Art Academy: Lessons for Everyone!, entitled New Art Academy in Europe and Australia and in Japan, is a 2012 video game for the Nintendo 3DS. It is a sequel to Art Academy for the Nintendo DS. This game is the first in the series to include DLC.

== Gameplay ==
Guided by the bearded artist Vince, the player completes tutorials in basic artistic composition. The skills are intended to be transferable to art practice outside the game. Vince instructs in portraiture, landscapes, still life, and architecture. The basic lessons include how to block with color and add detail, how to add light and shade to line drawings, and how to mix paint and create atmosphere. Advanced lessons include expansions on these ideas with shorter exposition from Vince.

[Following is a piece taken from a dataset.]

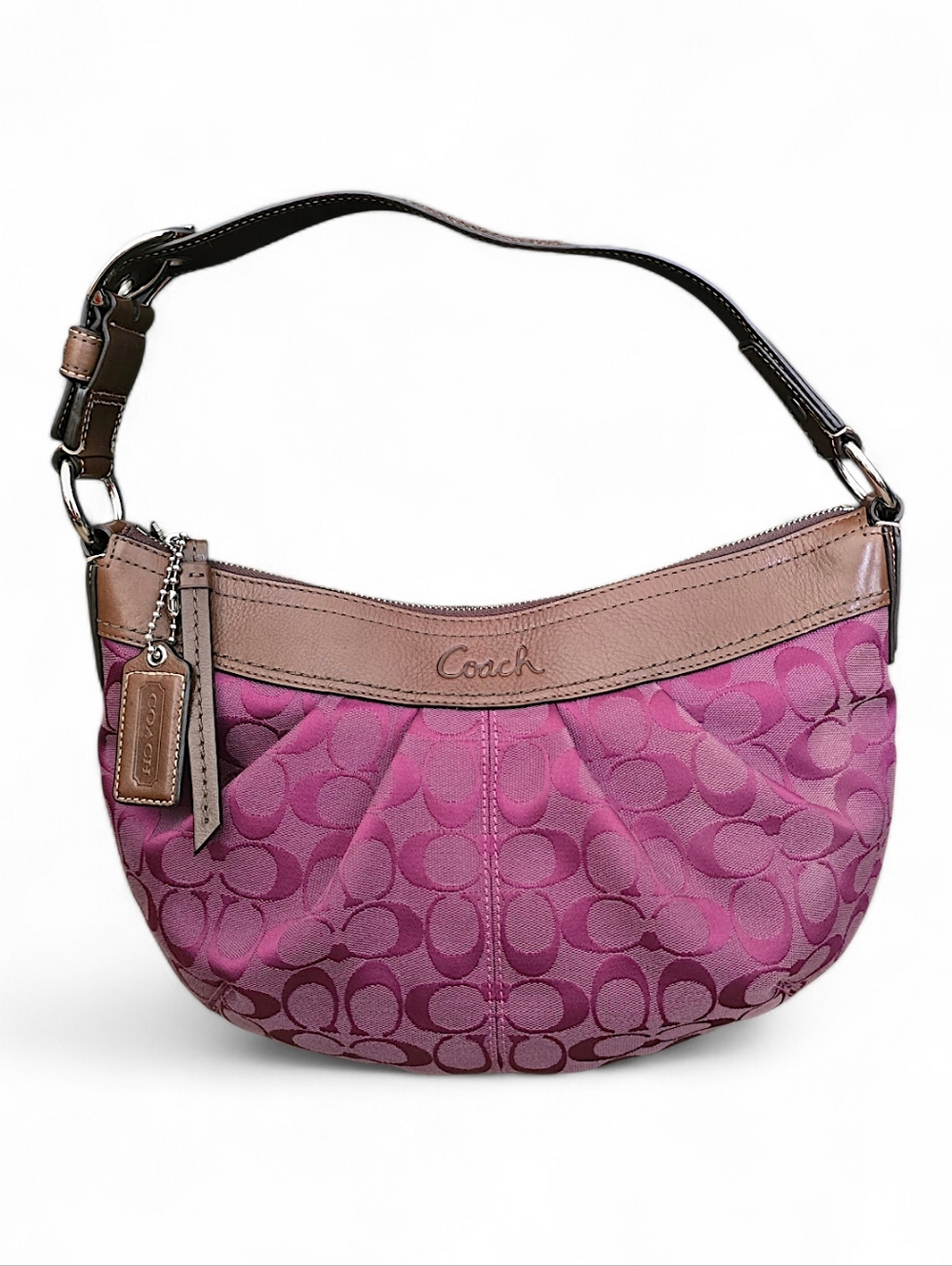 Coach Pink Signature Jacquard Shoulder Bag with Tan Trim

Additions to its predecessor include pencil crayons and pastels. The game has a new user interface, a higher resolution, and lets players mix media more easily. The game also allows users to create their own lessons to share with friends.

==Reception==

The critical reception has been favorable upon the release, scoring 81/100 on the aggregator site Metacritic, based on reviews of 14 critics.

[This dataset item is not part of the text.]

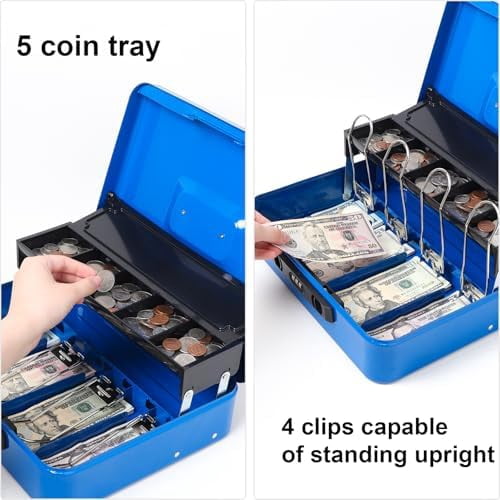 Locking Cash Box with Coin Lid, 11.8L x 9.5W x 3.5H Inches, Latch Safe Money Box with Combination Lock, Blue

IGNs Chris Schilling found Art Academy to be better and more complete than its predecessor but still capable of more. He wrote that Colors 3D offered more while costing less—he lamented the absence of a 3D painting feature, in particular. Art Academy, Schilling felt, could serve as an educational preparation for games like Colors. He praised the usefulness of the game's classes and their flourishes of art history, and found that the larger Nintendo 3DS XL screen let the player add more detail.

Aggregate score
| Aggregator | Score |
|---|---|
| Metacritic | 81/100 |

Review scores
| Publication | Score |
|---|---|
| IGN | 8/10 |
| Nintendo Life | 8/10 |
| Nintendo World Report | 9/10 |
| Pocket Gamer | 4/5 |

==Sequels==
A sequel, Art Academy: Sketchpad, was released in 2013 for the Wii U as an eShop app. Another sequel for Wii U, Art Academy: Home Studio, was released in 2015.